**Exercise**
Restate word for word the entries below, starting at the line with "康大力克伊利诺伊大学晋级全美冠军赛 赫尔利执教四年三次冲击冠军" and ending at the line with "La Quinta Inn". Keep both end lines and omit the pictures.

**Listed entries**
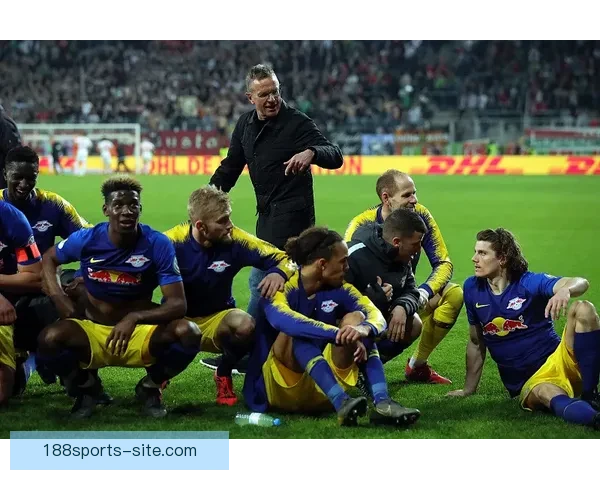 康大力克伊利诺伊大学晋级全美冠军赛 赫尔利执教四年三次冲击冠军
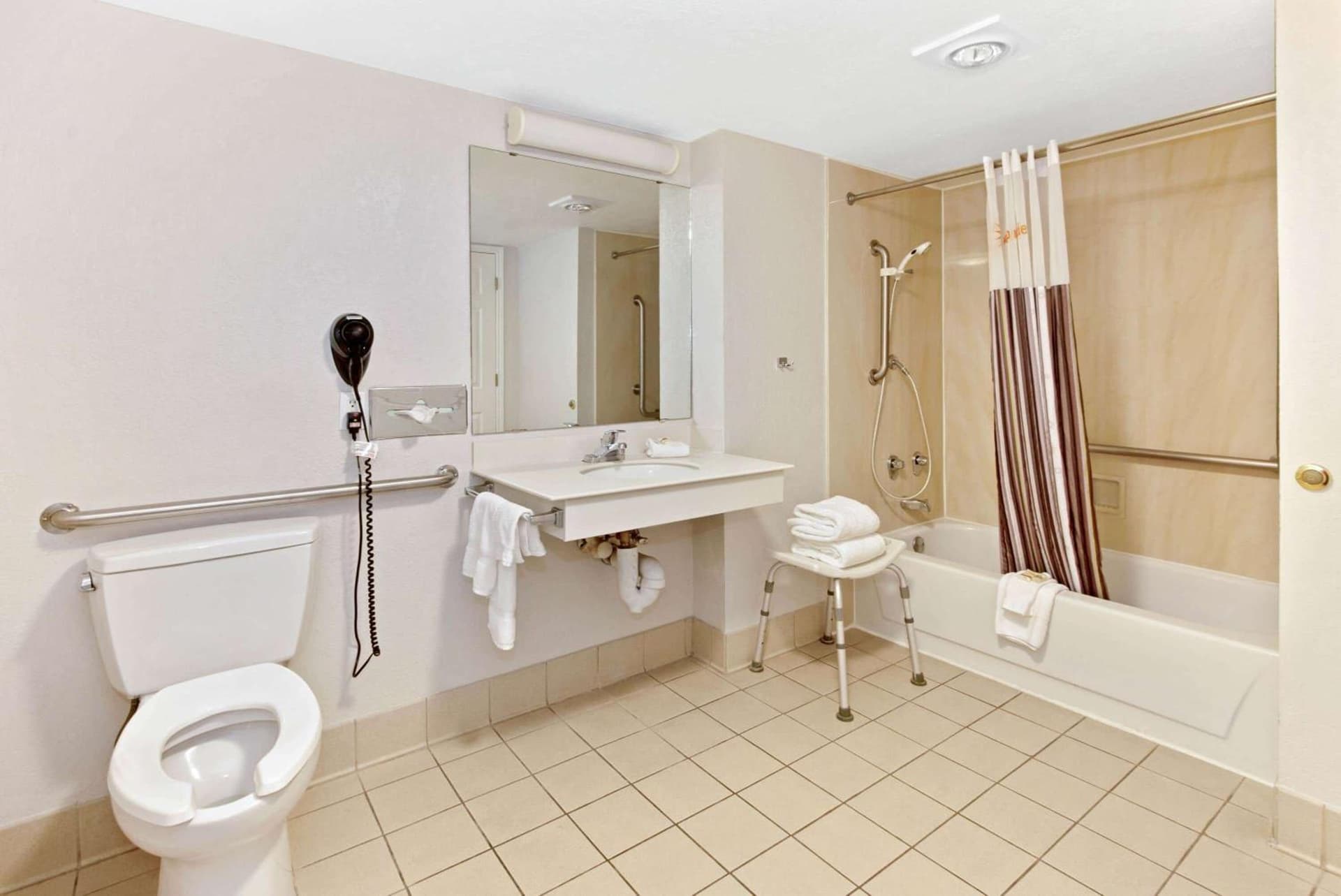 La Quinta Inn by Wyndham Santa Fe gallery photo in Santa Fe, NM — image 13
* * *
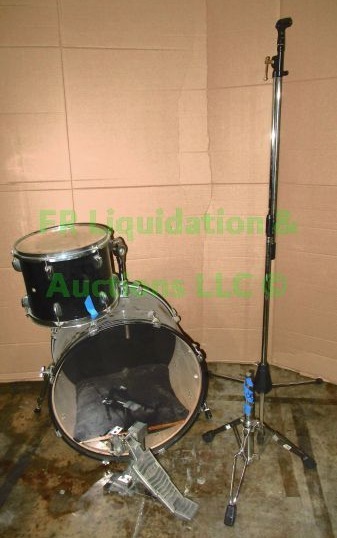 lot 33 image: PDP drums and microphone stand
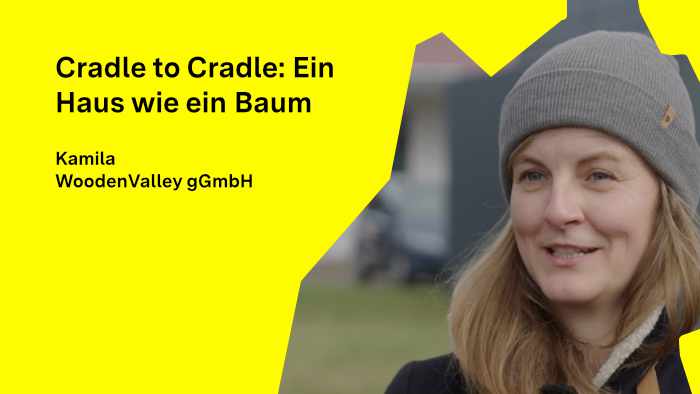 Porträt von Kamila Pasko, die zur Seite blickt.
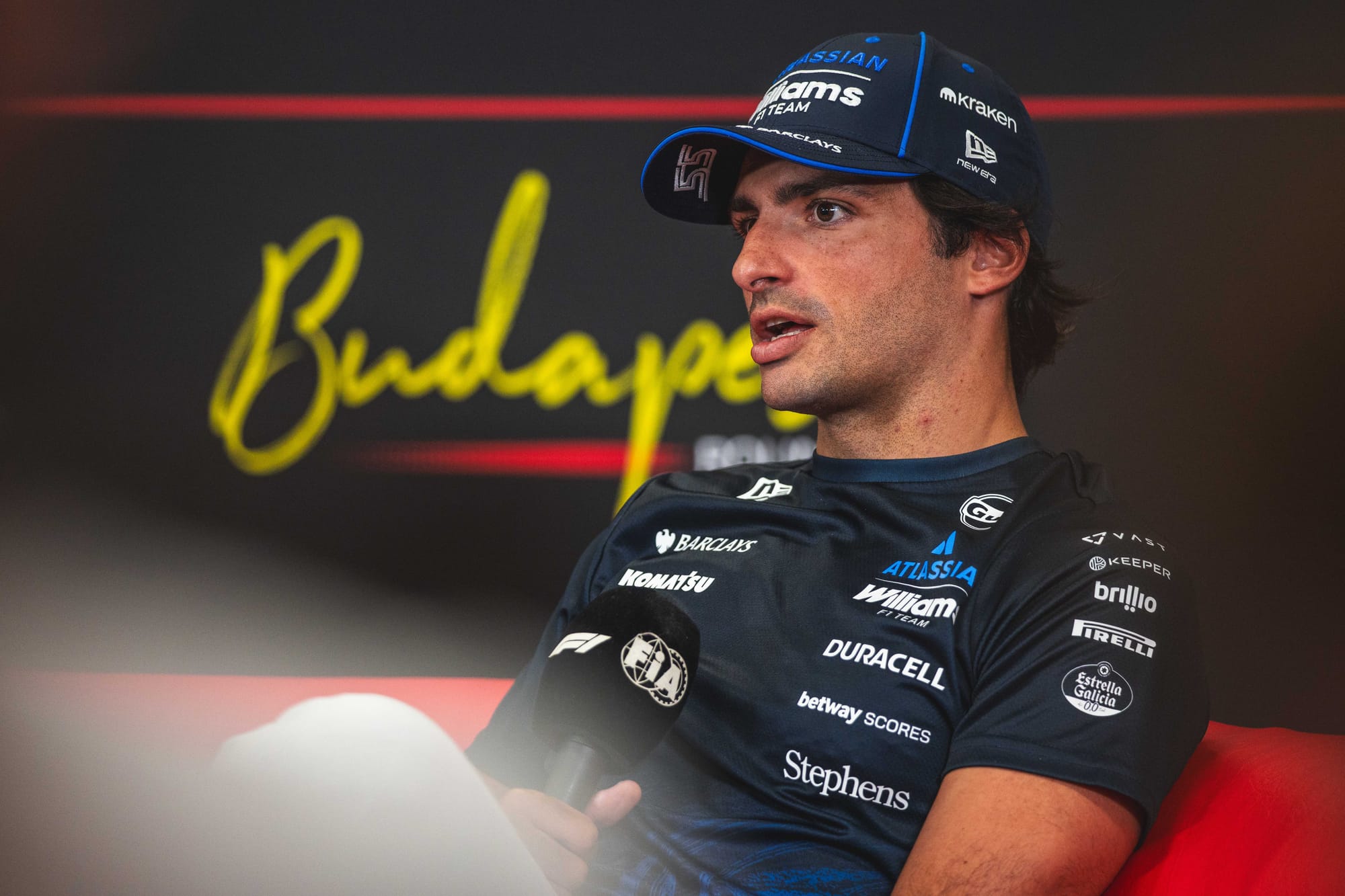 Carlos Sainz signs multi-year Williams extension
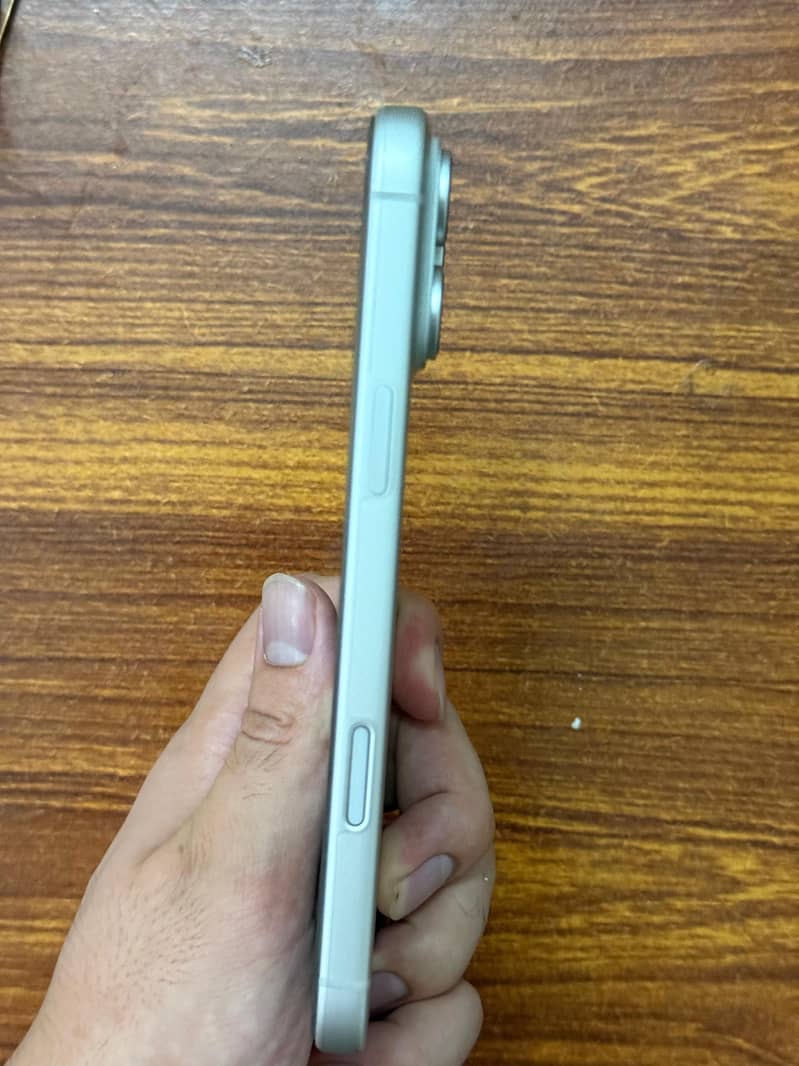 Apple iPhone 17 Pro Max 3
==
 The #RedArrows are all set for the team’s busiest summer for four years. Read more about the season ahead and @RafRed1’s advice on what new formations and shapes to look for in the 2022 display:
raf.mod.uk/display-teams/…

**Result**
 康大力克伊利诺伊大学晋级全美冠军赛 赫尔利执教四年三次冲击冠军
 La Quinta Inn by Wyndham Santa Fe gallery photo in Santa Fe, NM — image 13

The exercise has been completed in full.